After his discharge in the early 1960s, he briefly returned to town before departing again, eventually settling in Washington state. He changed his name to Jack McCullough and worked as a police officer, though his law enforcement career ended in the 1980s when he was accused of sexually abusing a teenage runaway whom McCullough and his girlfriend had taken in. He eventually pleaded guilty to a misdemeanour in the case.
Back in Sycamore, the Ridulph case languished until 2010, when a former girlfriend of McCullough’s came forward and cast doubt on his alibi. Police re-interviewed Chapman, who was shown a photo lineup and picked out an old picture of McCullough. The young man in the photo, she told police, was “Johnny.”
In July 2011, police arrested McCullough.
As part of the re-opened investigation, police interviewed one of McCullough’s sisters, who reported that McCullough and two other men sexually assaulted her in 1962 in Sycamore when she was 14. He was charged with that crime, too, in 2011, but was acquitted in April by Judge Robbin Stuckert.
Both sides rested their case Thursday in the trial shortly after a jail inmate testified that McCullough, a former Sycamore resident, incriminated himself in the 1957 slaying of a young girl.
The final major prosecution witness was Kirk Swaggerty, a convicted murderer who was in the DeKalb County Jail with McCullough in 2011. Swaggerty testified that McCullough spoke of accidentally suffocating Maria on Dec. 3, 1957.
“He said he was giving her a piggyback ride on his shoulders, and when she fell, she wouldn’t stop screaming, and when she wouldn’t keep quiet, he suffocated her,” Swaggerty said.
Chapman had testified that the man named Johnny gave Maria a piggyback ride.
Swaggerty was the third jail inmate to testify against McCullough.
Under cross-examination, Swaggerty acknowledged that he has filed a motion seeking a reduced sentence.
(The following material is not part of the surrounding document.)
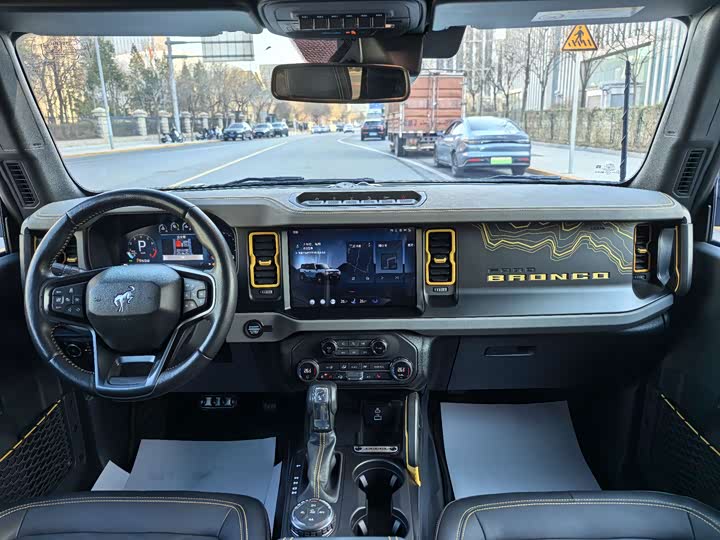 Фото 13 - Ford Bronco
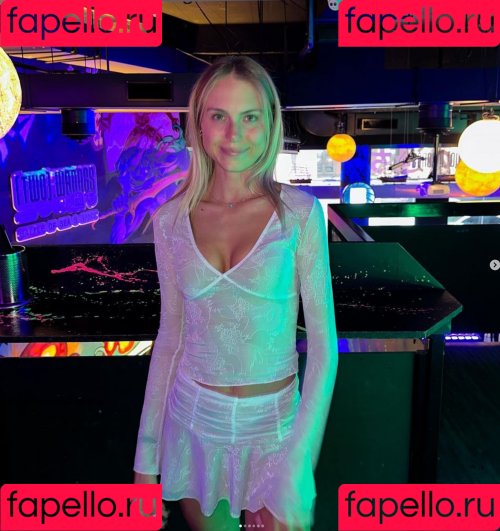 Sarah Lloyd Onlyfans Photo Gallery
He was sentenced last year to 33 years in prison for planning a home invasion and robbery in which one person was killed.
Swaggerty, 42, said he did not contact authorities because he expected any reward.
“I really wanted to do something right,” he said. “I’m going to die in prison. I just felt like I should do it.”
McCullough’s sister Mary Hunt, the first defence witness, gave a less definitive account of a comment reportedly made by her mother, Eileen Tessier, as she lay dying of cancer in January 1994.
Another sister, Janet Tessier, testified earlier this week that their mother made an explicit reference to McCullough being involved in Maria’s disappearance. Hunt, however, testified that she recalled her mother said only, “He did it,” without providing other context.
Under cross-examination by prosecutors, though, Hunt said she knew what her mother meant.
defence attorneys also called a doctor who had performed surgery on the mother shortly before she died.
In exam notes he made before a surgery to install a drug shunt, the surgeon, John Prabhakar, described Eileen Tessier as “pleasantly confused.” The doctor, now retired, said he had no independent recollection of treating Tessier.